We use a 5hp Honda on our rib and the bikes in the dinghy don't leave enough space to row, we get our exercise bicycling or walking with our backpacks to the grocery & laundromat, etc. Take care and joy, Aythya crew


----------



## MarioG (Sep 6, 2009)

I row I get an all around satisfaction about it ,the motor on the dingy is for the first mate.
I also roller blade were I need to go. after a few times doing as much as a 10 mile roll seems like nothing.


----------



## deniseO30 (Nov 27, 2006)

The trouble with rowing is not many boats like inflatables and skiff types don't row well. It takes major muscle groups to move em. A boat that rows well won't motor well.


----------



## n8kraft (Dec 31, 2009)

*I'm a rower too.*

I row my coleman hard plastic dinghy because that's the only propulsion system available. Can't beat the price!


----------



## WanderingStar (Nov 12, 2008)

I always row. I've never had an outboard dinghy. I've rowed it more than a mile to get from an anchorage to town. I can row into a breeze up to about 30 knots. I'm not doing it because I love rowing, but an outboard is a hassle. Register the dinghy, maintain the outboard, worry about theft, bring gasoline. I've seen a guy carry an outboard up 90 steps at the bluff to power his aluminum skiff off the beach to fish. The energy used to carry that motor could have rowed him to Connecticut.


----------



## Sabreman (Sep 23, 2006)

We had an inflatable and I hated it. I built a Nutshell Pram (Joel White design) from Wooden Boat plans. It rows beautifully, tows straight, does not fill with water, and sails ok. I won't even think of a motor (just another thing to maintain). When I get too old to row, then I'll be too old to sail. 

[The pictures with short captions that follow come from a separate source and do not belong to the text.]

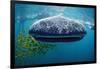 Whale Shark, Rhincodon Thypus, Usa, Haiwaii, Pacific Ocean-Reinhard Dirscherl-Framed Photographic Print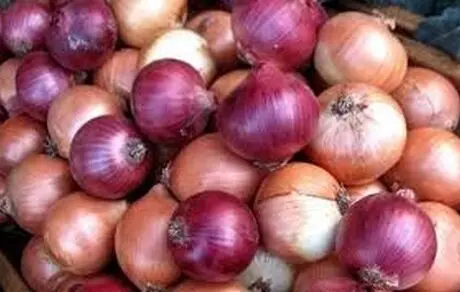 قاتل دیابت و سنگ کلیه از راه رسید +عکس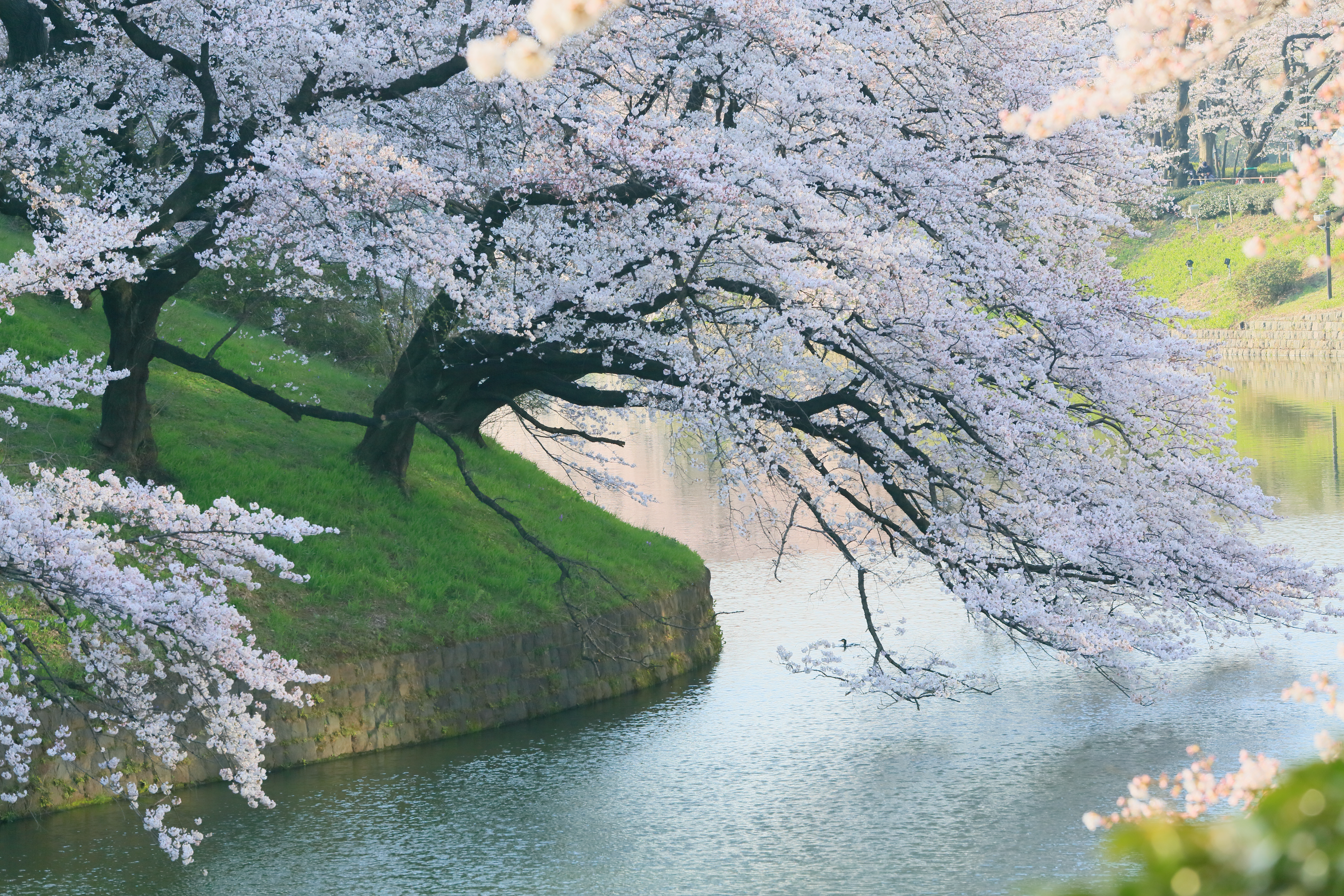 1523132壁紙のダウンロード日本, 春, さくら, 地球, 桜の花, 桜-スクリーンセーバーと写真を無料で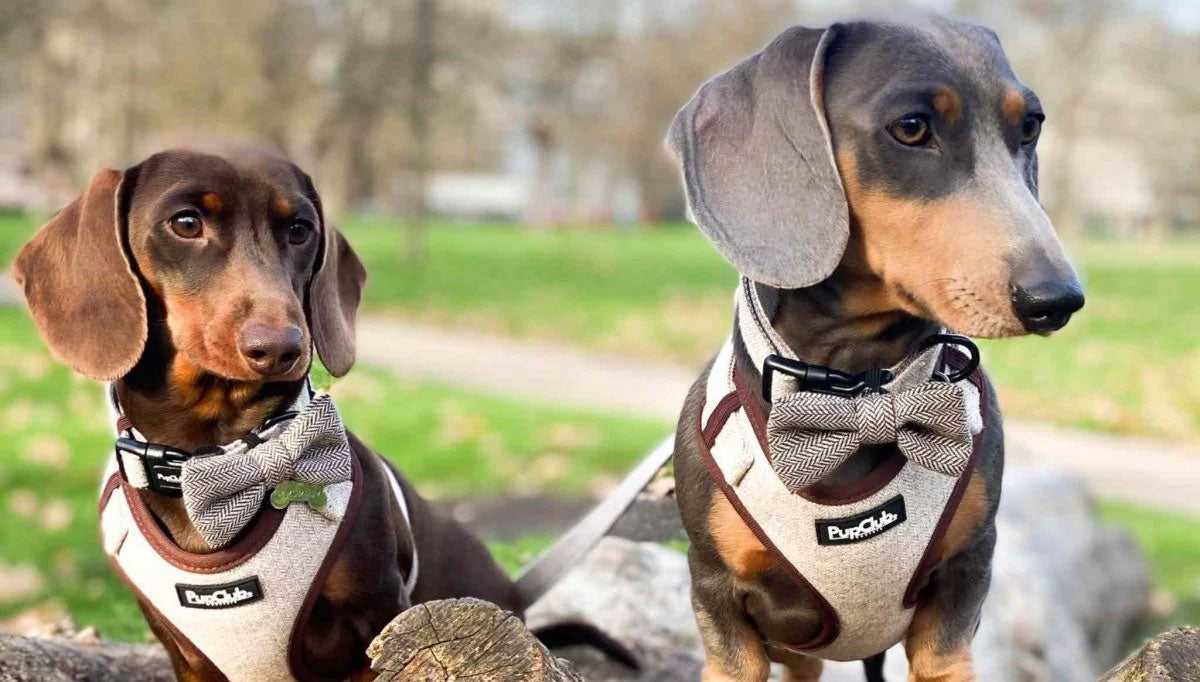 PupClub Couture stylish dog harnesses, collars and leads — fashion-forward pet accessories designed in the UK, available at Sostter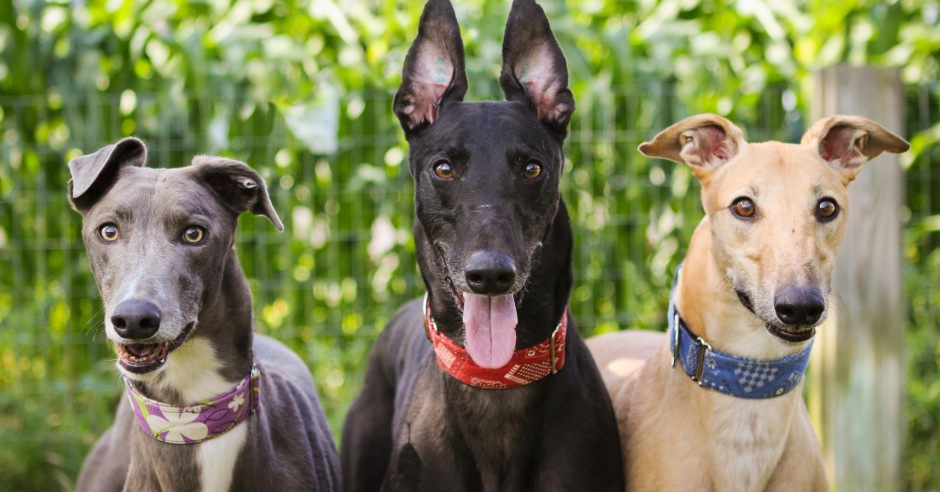 HomeGreyhound Pets of America Massachusetts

Our dinghy's name is Li'l Mike, named for my father. He passed away before we could build it together (Family tradition - most males in my family have built some sort of boat). Links are below:

Toys
VICTORIA (and her mistress)



> A boat that rows well won't motor well


Not true.

BTW - Inflatables are not RIBs. I've seen very few RIBs on the docks. Most people have inflatables.


----------



## sailingdog (Mar 19, 2006)

I row one of my dinghies, but generally use a motor on the inflatable, as they row horribly.


----------



## SoulVoyage (May 9, 2010)

Sabreman said:


> We had an inflatable and I hated it. I built a Nutshell Pram (Joel White design) from Wooden Boat plans. It rows beautifully, tows straight, does not fill with water, and sails ok. I won't even think of a motor (just another thing to maintain). When I get too old to row, then I'll be too old to sail.
> 
> Our dinghy's name is Li'l Mike, named for my father. He passed away before we could build it together (Family tradition - most males in my family have built some sort of boat). Links are below:
> 
> ...


Nice pram, Sabreman! and that's a nice touch naming the dinghy for your father.

As to inflatables and rowing, I think most people don't bother with modifying the oarlocks to real sculling oarlocks and getting much longer oars. The end result is it looks sorta like a miniture rubber white-water raft, and as you know, those row just fine! And like I said, when it's just me...I can row it just as fast as a pram and have been in quite a few impromptu "races" with rowing hard dinghies.

So here are three IMPORTANT keys to rowing your inflatable for main transportation:

1) You must modify the oarlocks totally. The oarlocks that work best are sculling type oarlocks...this takes a small wooden teak block to accept the oarlock, as it has to be higher. It's pretty simple to make. I can post pix of mine later today.

2) You need much longer and better oars than the garbage come with the inflatable originally...as a former crew rower...i think those original inflatable oars are a standing joke. I presently use West Marine's adjustable, break-down, aluminum oars with spoon-blades....these adjust to a maximum of nearly seven feet.

3)and this last is VERY important: The dinghy must be inflated to nearly maximum pressure...as the oarlocks will put much more pressure on the main tubes. When motoring, most of the force is on the solid transom, so inflation pressure is not nearly so important. It also really helps to keep your inflatable V in the bilge fully inflated...giving you a more efficient V-bottom.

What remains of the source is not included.